You'll notice it's a replica of the original feature-wise data distribution visualization code -- the difference is that now you should be able to see slight alterations in the zero-invalid features now that they've been appropriately imputed with mean-based or median-based replacement methods.

In [None]:
dataset.hist(rwidth=0.95, figsize=(12, 12))

As a final sanity check for this analysis, you can also distribute your data in another feature-wise method with respect to each feature's general impactfulness on the target.

In this case, the dataset's target feature is measured as **`Outcome`**, so the relevant feature-wise plot can be constructed as such.

In [None]:
sns.pairplot(dataset, hue="Outcome", palette="husl")

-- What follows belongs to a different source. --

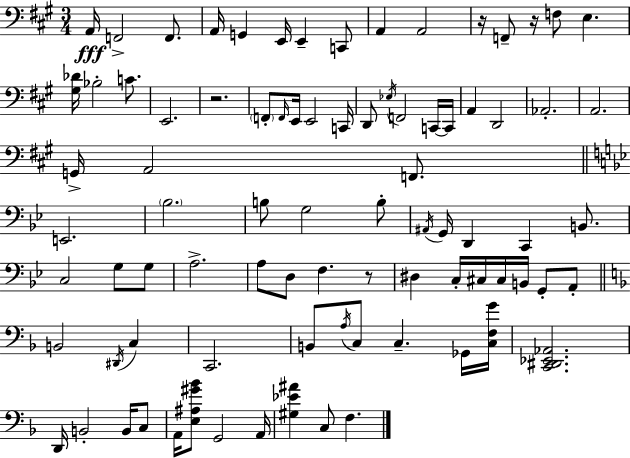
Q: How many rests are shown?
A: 4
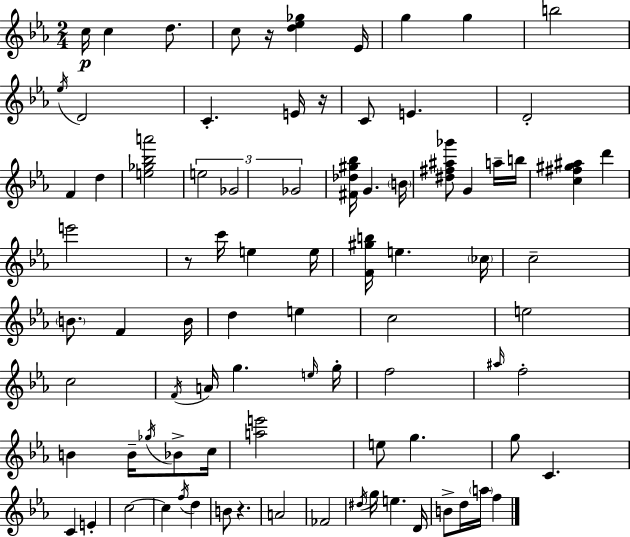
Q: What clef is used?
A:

And lastly, you can produce a heatmap to measure correlational values between each pair of features.

This is extremely useful to build an intuition for basic feature selection or reduction, as well as to gain a broad understanding of where signal is distributed across the data.

In [None]:
plt.figure(figsize=(12, 10))

sns.heatmap(dataset.corr(), annot=True, cmap="RdYlGn")

Now that relevant predecessory data analysis and visualization has been conducted successfully, you're ready to move on to machine learning and finally developing your algorithmic sample platter!

---
---

For starters, as with every machine learning analysis, you start by identifying the relevant target variable across the dataset and isolating it in order to produce **`X`** and **`y`** data segments.

In [None]:
TARGET = ["Outcome"]

X, y = dataset.drop(columns=TARGET, axis=1), dataset[TARGET]

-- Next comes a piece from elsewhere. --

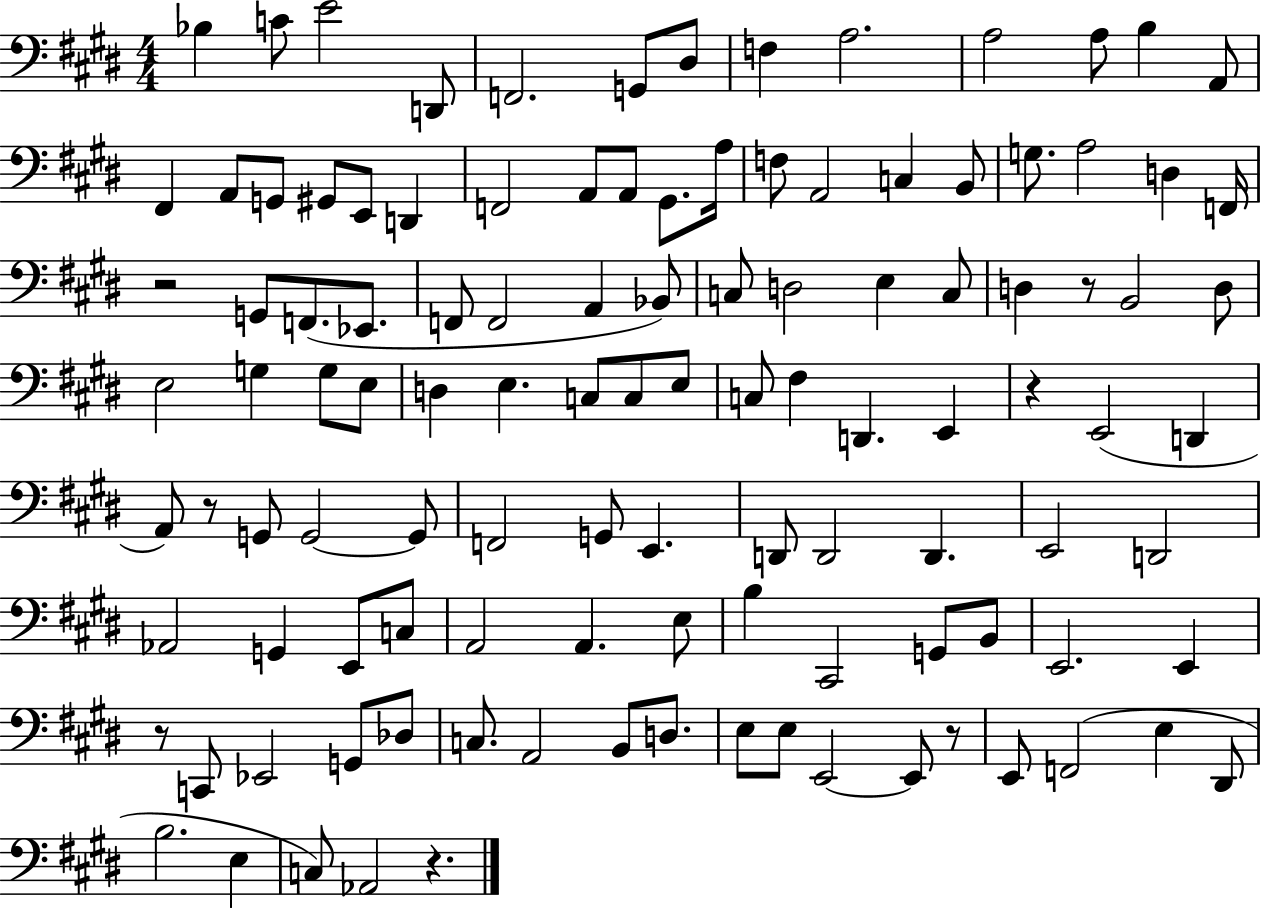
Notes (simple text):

Bb3/q C4/e E4/h D2/e F2/h. G2/e D#3/e F3/q A3/h. A3/h A3/e B3/q A2/e F#2/q A2/e G2/e G#2/e E2/e D2/q F2/h A2/e A2/e G#2/e. A3/s F3/e A2/h C3/q B2/e G3/e. A3/h D3/q F2/s R/h G2/e F2/e. Eb2/e. F2/e F2/h A2/q Bb2/e C3/e D3/h E3/q C3/e D3/q R/e B2/h D3/e E3/h G3/q G3/e E3/e D3/q E3/q. C3/e C3/e E3/e C3/e F#3/q D2/q. E2/q R/q E2/h D2/q A2/e R/e G2/e G2/h G2/e F2/h G2/e E2/q. D2/e D2/h D2/q. E2/h D2/h Ab2/h G2/q E2/e C3/e A2/h A2/q. E3/e B3/q C#2/h G2/e B2/e E2/h. E2/q R/e C2/e Eb2/h G2/e Db3/e C3/e. A2/h B2/e D3/e. E3/e E3/e E2/h E2/e R/e E2/e F2/h E3/q D#2/e B3/h. E3/q C3/e Ab2/h R/q.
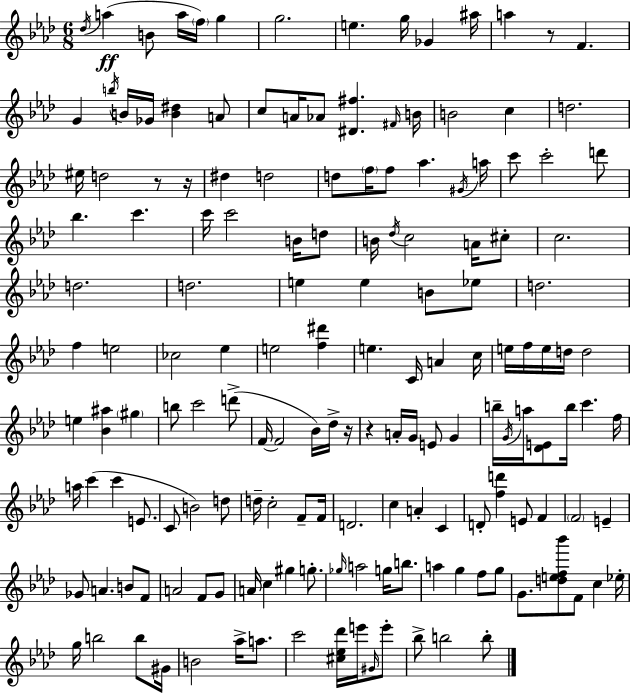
Db5/s A5/q B4/e A5/s F5/s G5/q G5/h. E5/q. G5/s Gb4/q A#5/s A5/q R/e F4/q. G4/q B5/s B4/s Gb4/s [B4,D#5]/q A4/e C5/e A4/s Ab4/e [D#4,F#5]/q. F#4/s B4/s B4/h C5/q D5/h. EIS5/s D5/h R/e R/s D#5/q D5/h D5/e F5/s F5/e Ab5/q. G#4/s A5/s C6/e C6/h D6/e Bb5/q. C6/q. C6/s C6/h B4/s D5/e B4/s Db5/s C5/h A4/s C#5/e C5/h. D5/h. D5/h. E5/q E5/q B4/e Eb5/e D5/h. F5/q E5/h CES5/h Eb5/q E5/h [F5,D#6]/q E5/q. C4/s A4/q C5/s E5/s F5/s E5/s D5/s D5/h E5/q [Bb4,A#5]/q G#5/q B5/e C6/h D6/e F4/s F4/h Bb4/s Db5/s R/s R/q A4/s G4/s E4/e G4/q B5/s G4/s A5/s [Db4,E4]/e B5/s C6/q. F5/s A5/s C6/q C6/q E4/e. C4/e B4/h D5/e D5/s C5/h F4/e F4/s D4/h. C5/q A4/q C4/q D4/e [F5,D6]/q E4/e F4/q F4/h E4/q Gb4/e A4/q. B4/e F4/e A4/h F4/e G4/e A4/s C5/q G#5/q G5/e. Gb5/s A5/h G5/s B5/e. A5/q G5/q F5/e G5/e G4/e. [D5,E5,F5,Bb6]/e F4/e C5/q Eb5/s G5/s B5/h B5/e G#4/s B4/h Ab5/s A5/e. C6/h [C#5,Eb5,Db6]/s E6/s G#4/s E6/e Bb5/e B5/h B5/e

Once the data has been segmented, generally it's acceptable to move directly on to further segmentation into training and testing splits.

However, it's good practice when conducting machine learning to scale and normalize the data prior to predictive modeling -- especially when working with some types of classifiers such as ones that use distance-based metrics (e.g. KNN, SVM).

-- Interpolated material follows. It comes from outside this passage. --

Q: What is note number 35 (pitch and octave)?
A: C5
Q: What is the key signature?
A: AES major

As such, you'll make use of the **`StandardScaler()`** module to scale the data prior to further segmentation and fitness.

To start, you'll instantiate and declare the relevant data structure.

In [None]:
scaler = StandardScaler()

Now that the relevant data structure is instantiated, you can fit and transform it against the independent data (**`X`**).

This can be done in two explicit lines of code (one calling **`.fit()`** and one calling **`.transform()`**) but for brevity's sake, it can also be done and is recommended to be performed in one hybridized call of **`.fit_transform()`**.

In [None]:
X_scaled = scaler.fit_transform(X)

Notice that the last cell produces a new copy of the data that retains scaled changes, referred to as **`X_scaled`**.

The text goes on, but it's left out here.